La sécurité sanitaire en matière de danger biologique

Par Sun Juanjuan

 L’une des difficultés majeures du contrôle sanitaire des aliments réside dans l’évaluation scientifique des dangers relatifs aux risques. Ce d’autant plus que, en matière alimentaire, les risques sanitaires revêtent plusieurs formes. Ils peuvent être physiques, chimiques ou biologiques.

De plus en plus, la plupart des contaminations alimentaires sont liées à cette dernière catégorie de risques. De manière générale, la contamination biologique est causée par les micro-organismes tels les bactéries, les virus et les parasites. Plusieurs facteurs exposent les aliments à cette contamination : par exemple, la centralisation de la production alimentaire, le changement du mode de consommation, la dégradation de l’environnement… Récemment, les événements provoqués par Escherichia coli aux États-Unis comme dans l’Union européenne ont montré la nécessité et l’urgence d’agir en amont et de prendre des mesures préventives pour lutter contre cette forme de contamination alimentaire.

Trois points méritent d’être pris en considération à ce stade.
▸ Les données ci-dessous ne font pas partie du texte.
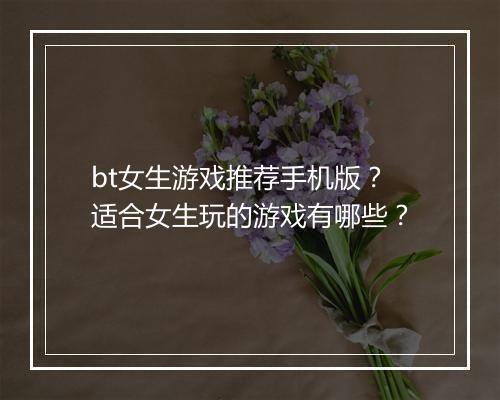 bt女生游戏推荐手机版?适合女生玩的游戏有哪些?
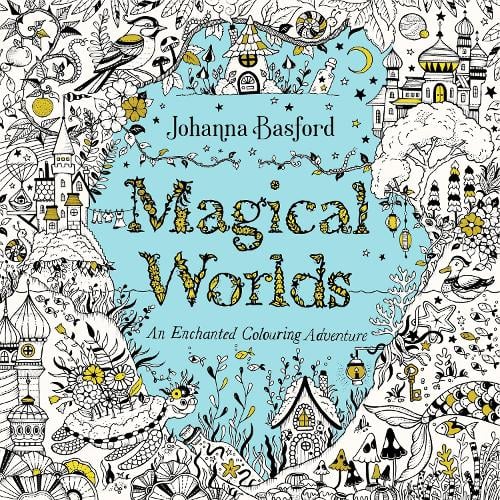 Magical Worlds: An Enchanted Colouring Adventure Johanna Basford 9781529928105 book cover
D’abord, il faut avoir conscience du rôle de la science pour traiter les problèmes de la sécurité sanitaire. Les avis scientifiques comptent dans le contrôle régulier et la gestion de la crise. A cet effet, il importe d’assurer l’indépendance des experts  et la transparence de ces avis. En outre, un effort de communication sur les données de la science peut faciliter la résolution des problèmes de sécurité sanitaire. Par exemple, l’information, voire l’éducation du public peut aider les producteurs ainsi que les consommateurs à acquérir les connaissances nécessaires dans le traitement et la manipulation des denrées alimentaires. De manière générale, le respect de règles simples en la matière apparaît déjà comme un moyen de prévention de la contamination biologique.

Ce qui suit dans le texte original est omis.